[Items from a data source]
————

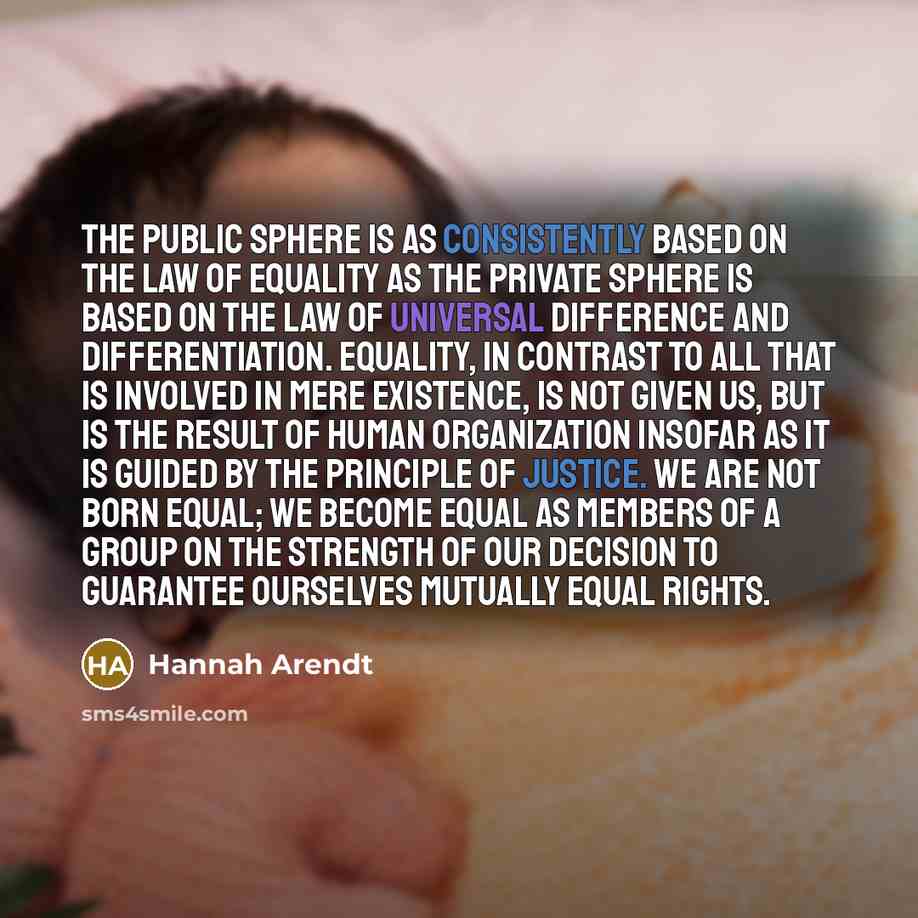 “the public sphere is as consistently based on the law of equality as the private sphere is based on the law of universal difference and differentiation. Equality, in contrast to all that is involved in mere existence, is not given us, but is the result of human organization insofar as it is guided…” quote by Hannah Arendt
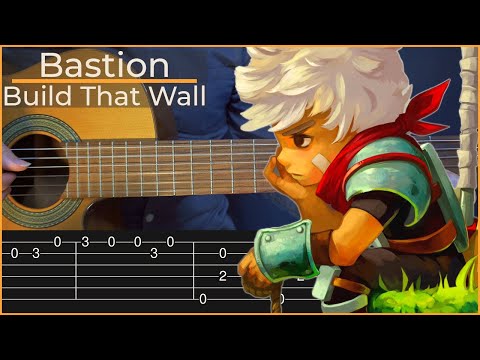 Bastion - Build That Wall (Simple Guitar Tab)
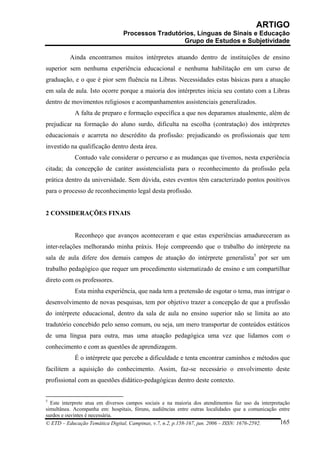 ARTIGO
                                 Processos Tradutórios, Línguas de Sinais e Educação
                                                   Grupo de Estudos e Subjetividade

          Ainda encontramos muitos intérpretes atuando dentro de instituições de ensino
superior sem nenhuma experiência educacional e nenhuma habilitação em um curso de
graduação, e o que é pior sem fluência na Libras. Necessidades estas básicas para a atuação
em sala de aula. Isto ocorre porque a maioria dos intérpretes inicia seu contato com a Libras
dentro de movimentos religiosos e acompanhamentos assistenciais generalizados.
            A falta de preparo e formação específica a que nos deparamos atualmente, além de
prejudicar na formação do aluno surdo, dificulta na escolha (contratação) dos intérpretes
educacionais e acarreta no descrédito da profissão: prejudicando os profissionais que tem
investido na qualificação dentro desta área.
            Contudo vale considerar o percurso e as mudanças que tivemos, nesta experiência
citada; da concepção de caráter assistencialista para o reconhecimento da profissão pela
prática dentro da universidade. Sem dúvida, estes eventos têm caracterizado pontos positivos
para o processo de reconhecimento legal desta profissão.


2 CONSIDERAÇÕES FINAIS


            Reconheço que avanços aconteceram e que estas experiências amadureceram as
inter-relações melhorando minha práxis. Hoje compreendo que o trabalho do intérprete na
sala de aula difere dos demais campos de atuação do intérprete generalista5 por ser um
trabalho pedagógico que requer um procedimento sistematizado de ensino e um compartilhar
direto com os professores.
            Esta minha experiência, que nada tem a pretensão de esgotar o tema, mas intrigar o
desenvolvimento de novas pesquisas, tem por objetivo trazer a concepção de que a profissão
do intérprete educacional, dentro da sala de aula no ensino superior não se limita ao ato
tradutório concebido pelo senso comum, ou seja, um mero transportar de conteúdos estáticos
de uma língua para outra, mas uma atuação pedagógica uma vez que lidamos com o
conhecimento e com as questões de aprendizagem.
            É o intérprete que percebe a dificuldade e tenta encontrar caminhos e métodos que
facilitem a aquisição do conhecimento. Assim, faz-se necessário o envolvimento deste
profissional com as questões didático-pedagógicas dentro deste contexto.


5
  Este interprete atua em diversos campos sociais e na maioria dos atendimentos faz uso da interpretação
simultânea. Acompanha em: hospitais, fóruns, audiências entre outras localidades que a comunicação entre
surdos e ouvintes é necessária.
© ETD – Educação Temática Digital, Campinas, v.7, n.2, p.158-167, jun. 2006 – ISSN: 1676-2592.      165
 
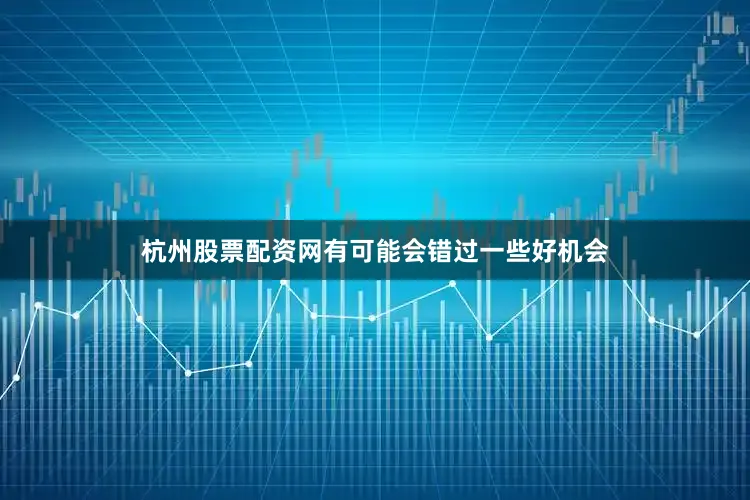 杭州股票配资网有可能会错过一些好机会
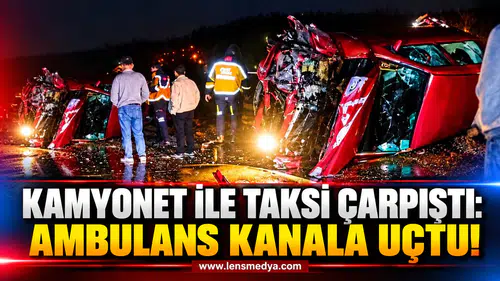 KAMYONET İLE TAKSİ ÇARPIŞTI: AMBULANS KANALA UÇTU!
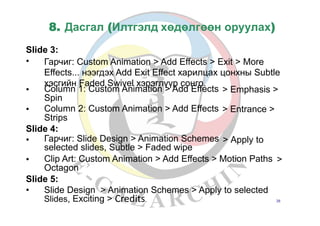 8. Дасгал (Илтгэлд хөдөлгөөн оруулах)
Slide 3:
• Гарчиг: Custom Animation > Add Effects > Exit > More
Effects... нээгдэх Add Exit Effect харилцах цонхны Subtle
хэсгийн Faded Swivel хэрэглүүр сонго.
• Column 1: Custom Animation > Add Effects
Spin
Column 2: Custom Animation > Add Effects
Strips
> Emphasis >
• > Entrance >
Slide 4:
• Гарчиг: Slide Design > Animation Schemes
selected slides, Subtle > Faded wipe
> Apply to
• Clip Art: Custom Animation > Add Effects > Motion Paths
Octagon
>
Slide 5:
• Slide Design > Animation Schemes > Apply to selected
Slides, Exciting > 38Credits.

————

__How to complete this task__: Although the records contain pictures, the copy should hold only their text, reproduced exactly.

__Answer space__:
 “the public sphere is as consistently based on the law of equality as the private sphere is based on the law of universal difference and differentiation. Equality, in contrast to all that is involved in mere existence, is not given us, but is the result of human organization insofar as it is guided…” quote by Hannah Arendt
 Bastion - Build That Wall (Simple Guitar Tab)
 ARTIGO
                                 Processos Tradutórios, Línguas de Sinais e Educação
                                                   Grupo de Estudos e Subjetividade

          Ainda encontramos muitos intérpretes atuando dentro de instituições de ensino
superior sem nenhuma experiência educacional e nenhuma habilitação em um curso de
graduação, e o que é pior sem fluência na Libras. Necessidades estas básicas para a atuação
em sala de aula. Isto ocorre porque a maioria dos intérpretes inicia seu contato com a Libras
dentro de movimentos religiosos e acompanhamentos assistenciais generalizados.
            A falta de preparo e formação específica a que nos deparamos atualmente, além de
prejudicar na formação do aluno surdo, dificulta na escolha (contratação) dos intérpretes
educacionais e acarreta no descrédito da profissão: prejudicando os profissionais que tem
investido na qualificação dentro desta área.
            Contudo vale considerar o percurso e as mudanças que tivemos, nesta experiência
citada; da concepção de caráter assistencialista para o reconhecimento da profissão pela
prática dentro da universidade. Sem dúvida, estes eventos têm caracterizado pontos positivos
para o processo de reconhecimento legal desta profissão.


2 CONSIDERAÇÕES FINAIS


            Reconheço que avanços aconteceram e que estas experiências amadureceram as
inter-relações melhorando minha práxis. Hoje compreendo que o trabalho do intérprete na
sala de aula difere dos demais campos de atuação do intérprete generalista5 por ser um
trabalho pedagógico que requer um procedimento sistematizado de ensino e um compartilhar
direto com os professores.
            Esta minha experiência, que nada tem a pretensão de esgotar o tema, mas intrigar o
desenvolvimento de novas pesquisas, tem por objetivo trazer a concepção de que a profissão
do intérprete educacional, dentro da sala de aula no ensino superior não se limita ao ato
tradutório concebido pelo senso comum, ou seja, um mero transportar de conteúdos estáticos
de uma língua para outra, mas uma atuação pedagógica uma vez que lidamos com o
conhecimento e com as questões de aprendizagem.
            É o intérprete que percebe a dificuldade e tenta encontrar caminhos e métodos que
facilitem a aquisição do conhecimento. Assim, faz-se necessário o envolvimento deste
profissional com as questões didático-pedagógicas dentro deste contexto.


5
  Este interprete atua em diversos campos sociais e na maioria dos atendimentos faz uso da interpretação
simultânea. Acompanha em: hospitais, fóruns, audiências entre outras localidades que a comunicação entre
surdos e ouvintes é necessária.
© ETD – Educação Temática Digital, Campinas, v.7, n.2, p.158-167, jun. 2006 – ISSN: 1676-2592.      165
 
 杭州股票配资网有可能会错过一些好机会
 KAMYONET İLE TAKSİ ÇARPIŞTI: AMBULANS KANALA UÇTU!
 8. Дасгал (Илтгэлд хөдөлгөөн оруулах)
Slide 3:
• Гарчиг: Custom Animation > Add Effects > Exit > More
Effects... нээгдэх Add Exit Effect харилцах цонхны Subtle
хэсгийн Faded Swivel хэрэглүүр сонго.
• Column 1: Custom Animation > Add Effects
Spin
Column 2: Custom Animation > Add Effects
Strips
> Emphasis >
• > Entrance >
Slide 4:
• Гарчиг: Slide Design > Animation Schemes
selected slides, Subtle > Faded wipe
> Apply to
• Clip Art: Custom Animation > Add Effects > Motion Paths
Octagon
>
Slide 5:
• Slide Design > Animation Schemes > Apply to selected
Slides, Exciting > 38Credits.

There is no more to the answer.